Let's take a look at solving Two Sum.

## Problem

Given an array of integers `nums`

and an integer `target`

, return indices of the two numbers such that they add up to `target`

.

You may assume that each input would have exactly one solution, and you may not use the same element twice.

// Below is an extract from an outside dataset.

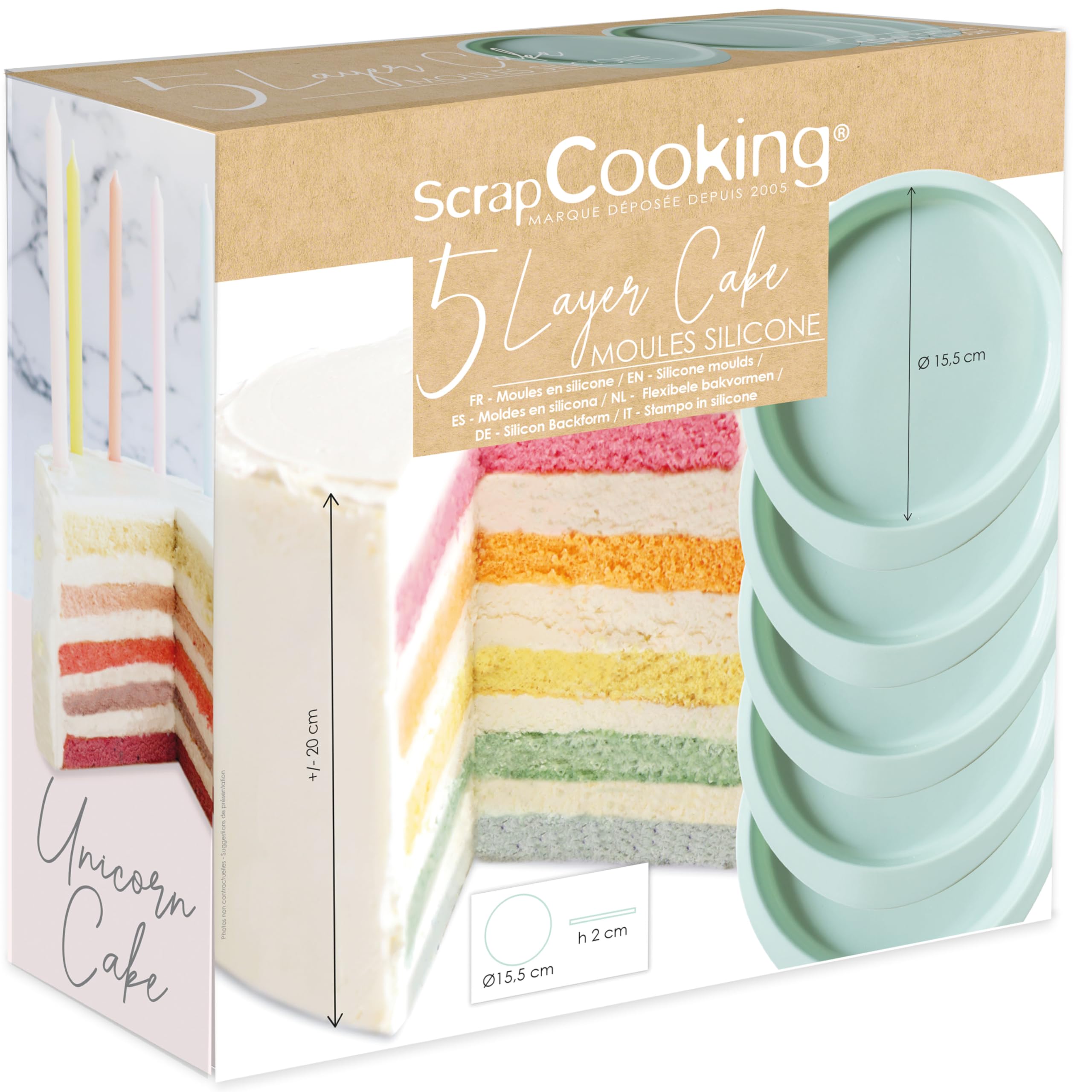 ScrapCooking - 5 foremek silikonowych Ø 18 cm - ciasto piętrowe, tęczowe torty, torty urodzinowe - Profesjonalne wypieki - 2065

You can return the answer in any order.

## Thought Process

The first thing that I thought of was to use two `for`

loops so that I could iterate through all the integers inside `nums`

and sum them both up to see if they equal `target`

.

The second thing that I thought of was to ensure that the inner `for`

loop is always +1 of the outer loop, so that we can ensure that the same element is not repeated.

## Solution

```
public class Solution {
public int[] TwoSum(int[] nums, int target) {
for (int firstIndex = 0; firstIndex < nums.Length; firstIndex++) {
for (int secondIndex = firstIndex + 1; secondIndex < nums.Length; secondIndex++) {
if (nums[firstIndex] + nums[secondIndex] == target) {
return new int[] { firstIndex, secondIndex };
}
}
}
return new int[] { 0, 0 };
}
}
```

```
public class Solution {
public int[] TwoSum(int[] nums, int target) {
for (int firstIndex = 0; firstIndex < nums.Length; firstIndex++) {
for (int secondIndex = firstIndex + 1; secondIndex < nums.Length; secondIndex++) {
if (nums[firstIndex] + nums[secondIndex] == target) {
return new int[] { firstIndex, secondIndex };
}
}
}
return new int[] { 0, 0 };
}
}
```

This is probably not the best solution out there, but I think it is fast enough.